Okada was built on a huge site and is similar to the resort-style properties that can be found in Las Vegas and Macau. It will house 2,300 guest rooms when it is fully built and have 10,000 employees. Scott’s IT department has at least 100 of them full-time — plus contractors — to support 2,000 endpoints and numerous physical and virtual servers placed in two separate datacenters on the property.

Scott actually worked for a few of the Macau resort hotels before coming to Manila, and he wanted to create the ideal IT environment for a five-star luxury hotel. “The biggest decision we had to make was to try to steer clear of having actual desktop PCs as our workstations,” he said to me when he sat down for an interview yesterday. “When you are starting from a clean sheet of paper, you want something that could last 10 to 20 years and want products that could evolve over this time period.” He decided to choose VDI for his endpoints. “I wanted to move away from the usual desktop PC environment, although we ending up having a few of them for our staff.
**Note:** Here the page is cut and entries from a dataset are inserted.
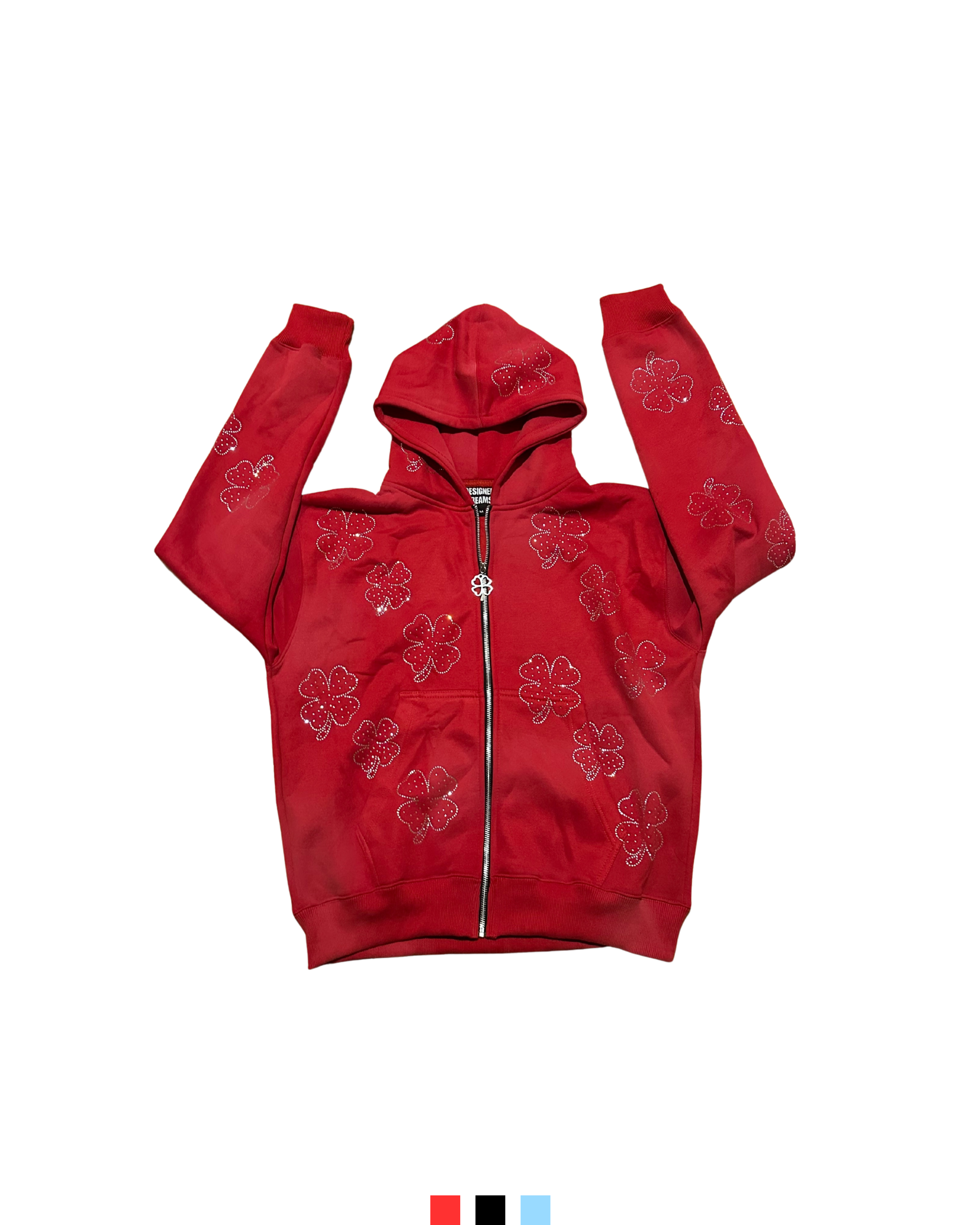 Rhinestone Clover Hoodie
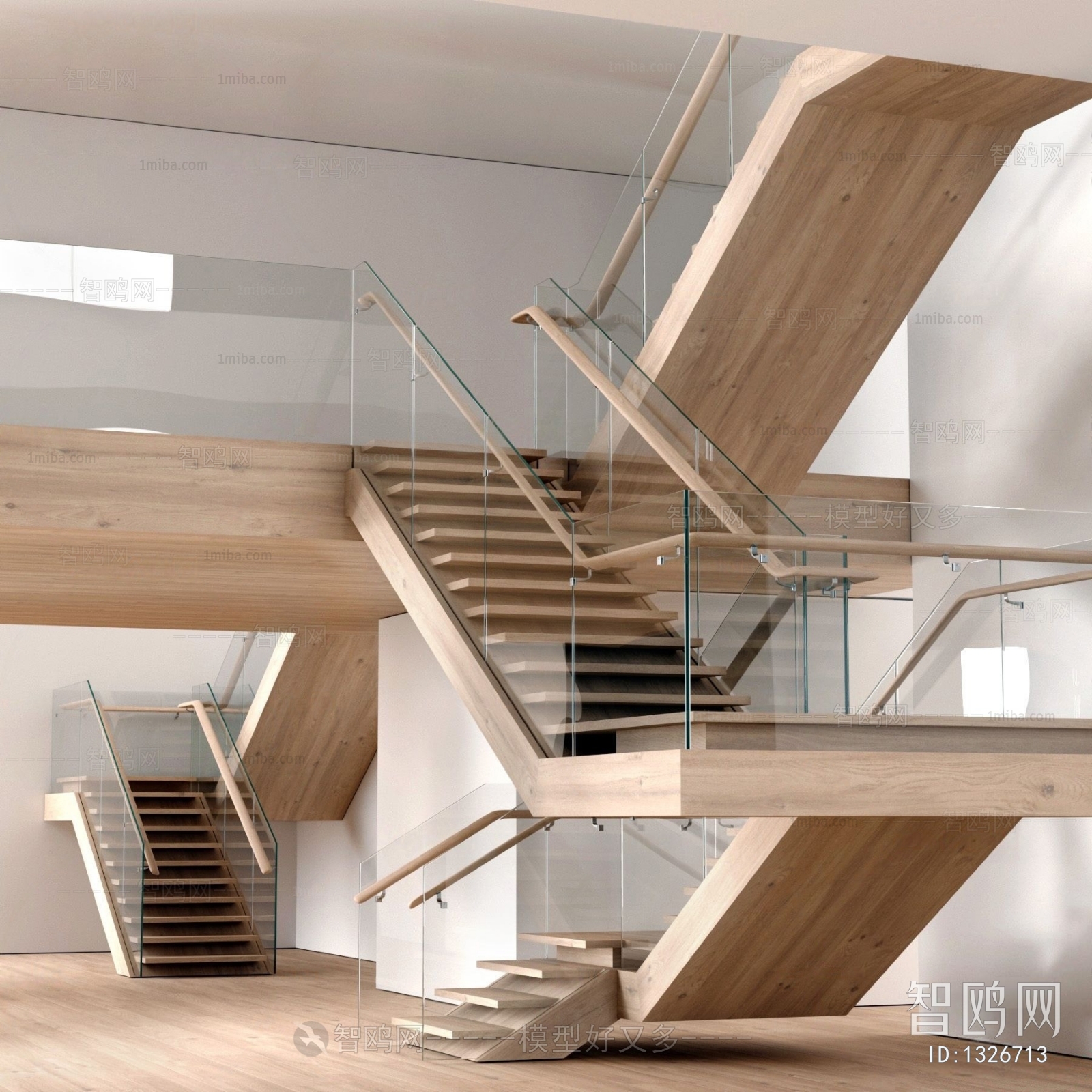 Modern Stair Balustrade/elevator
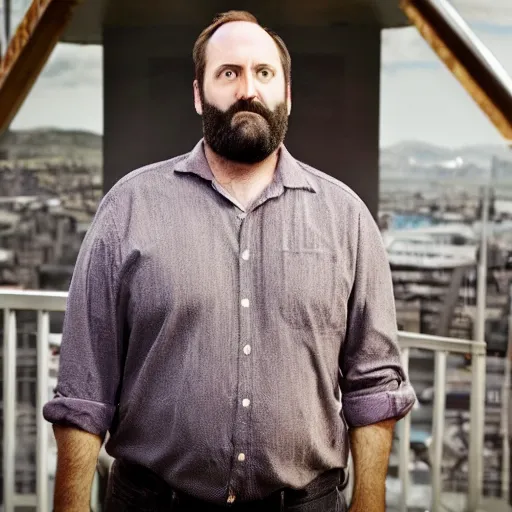 Prompt: Tom Segura looking disgusted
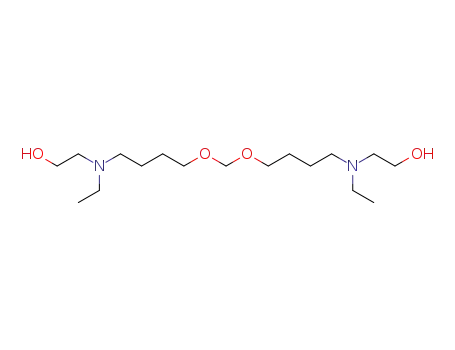 Bis-(4-<N-(2-hydroxy-ethyl)-ethylamino>-butyloxy)-methan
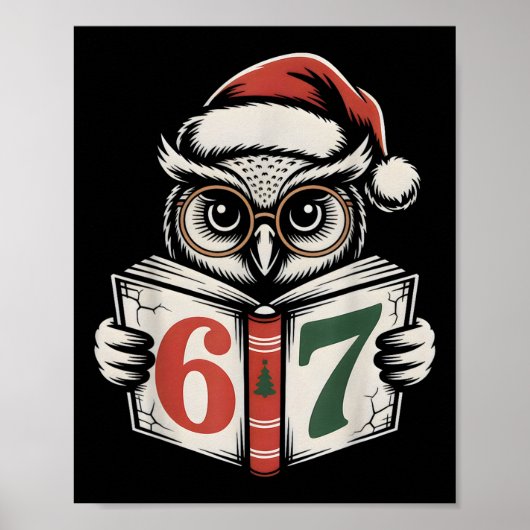 67 Nummer Uil Kerstmis Internet Meme Vakantie Poster (Voorkant)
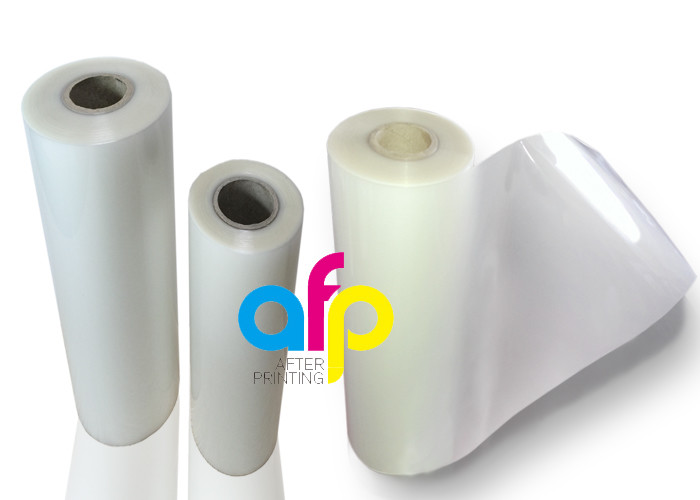 Double Side Corona Treated Thermal Laminate Roll , Spot UV Varnish Thermal Film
PCs are a pain to manage, because hard drives crash, getting updates and patches distributed isn’t easy, and other issues.” To support their VDI deployment they purchased a variety of products, including XenDesktop, XenApp and NetScaler, HP thin clients and Dell servers.

One of the key enabling technologies is FSLogix Office 365 Container.  “This makes Outlook running on XenApp and XenDesktop able to mount users’ profiles as if they were on a local C: drive, so Windows acts normally and Outlook works like it is running on a regular PC desktop,” he said. This means you get the performance of the virtual workspace but the ease of management too.

I could have taken the easy way out and just bought desktops for everyone, but I knew eventually VDI will pay off and benefit us in the long run.

Having a VDI solution meant some initial support hurdles. “We had to have a lot of patience with our users, some of whom were using VDI workstations for the first time,” he told me. “I could have taken the easy way out and just bought desktops for everyone, but I knew eventually VDI will pay off and benefit us in the long run.”

One concern Scott had was keeping corporate data secure. Given the market of his resort, he wanted to ensure that customers’ information stayed on the corporate systems; “It is one of our most critical assets,” he said. “Users don’t have the ability to remove any corporate data from the company.” His thin clients locked out USB access, for example, and he also set up appropriate data leak policies too. Through ShareFile, he has other policies for how files can be shared across his staff, and he prevents access to public SaaS repositories, like consumer file-sharing services whenever possible. Finally, he figured out ways to keep data from his construction contractors on his servers. “I didn’t want them to pack up their PCs and leave with my data on them,” he said.

Building a new resort’s IT infrastructure wasn’t as easy as I was assuming, mainly because some IT elements needed to be put in place during the construction phase to support those workers on the job site. This meant erecting temporary buildings and networks, and then migrating these resources to the production environment once the hotel was built. “That migration wasn’t easy, but we are just about through that process,” he said. “We have certainly been through a bit of a bumpy road.” One of his recommendations was to use Citrix consulting services in setting up his environment and helping define the appropriate computing architecture. “They can help make everything stable from the beginning and figure out your app and server configurations.”

What helped him pull off this project? Executive buy-in. “Our chairman is an engineer and very much into technology. It was a massive help that he supported our decisions from day one. All he wanted was to implement my vision and he gave me the ability to implement it.”